Biological role of zinc
Zinc has catalytic, regulatory and structural roles in the cell (5)that influence reproduction, growth and immunity (6). More than 300 metalloenzymes require zinc as a catalyst, and -2500 transcription factors, or 8% of the human genome, require zinc for their structural integrity (7). Zinc is a type 2 nutrient that is part of general cellular metabolism (3). There is no specific tissue that acts as a zinc storage site during periods of dietary excess or from which it can be released when intakes are inadequate (3). Zinc homeostasis is thus achieved through a careful balance of absorption and excretion, and import and export at the cellular level (3). Zinc excretion appears to react more quickly to changes in intake while zinc absorption responds more slowly, but this synergistic mechanism can handle large fluctuations in zinc intake (5, 8). The body zinc pool must be sustained by a continual dietary supply that may be rapidly depleted when dietary zinc intakes are insufficient and prolonged (3).
Effects of zinc deficency
Severe clinical zinc deficiency is rare and occurs most frequently in individuals with the genetic disorder acrodermatitis enteropathica, where infants are born with impaired gastrointestinal zinc transport; in those receiving total parenteral nutrition without zinc, following alcohol abuse and with penicillamine therapy(6). Untreated severe zinc deficiency may be fatal. Symptoms of severe zinc deficiency include dermatitis, alopecia, diarrhoea, weight loss, intercurrent infections due to immune dysfunction and neurosensory disorders (6).
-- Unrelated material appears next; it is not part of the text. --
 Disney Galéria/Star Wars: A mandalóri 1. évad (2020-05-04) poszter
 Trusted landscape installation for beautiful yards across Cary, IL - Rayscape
Mild-to-moderate zinc deficiency is more common, but may be challenging to identify as the clinical picture resembles that of a generalised poor micronutrient status. An inadequate dietary intake is likely the principal cause of zinc deficiency worldwide, and is especially common in lower-income countries. This can be due to several factors, including consumption of foods that have limited bioavailable zinc, a low total dietary zinc intake, and a high consumption of foods high in phytate that can inhibit zinc absorption (5, 6, 9). Mild-to-moderate zinc deficiency may have important health effects at a population level, including an increased susceptibility to diarrhoea and respiratory infections and an increased risk of stunting. The amount of absorbable zinc in the national food supply, and the prevalence of stunting among children under five can serve as proxy indicators of the risk of deficiency in a population. Stunted children are at a higher risk of morbidity from infection and mortality as children and non-communicable diseases in later life, and less completed schooling and a higher risk of living in poverty as adults (4). Prevention of stunting and its associated causes corresponds to the United Nations Sustainable Development Goal #2.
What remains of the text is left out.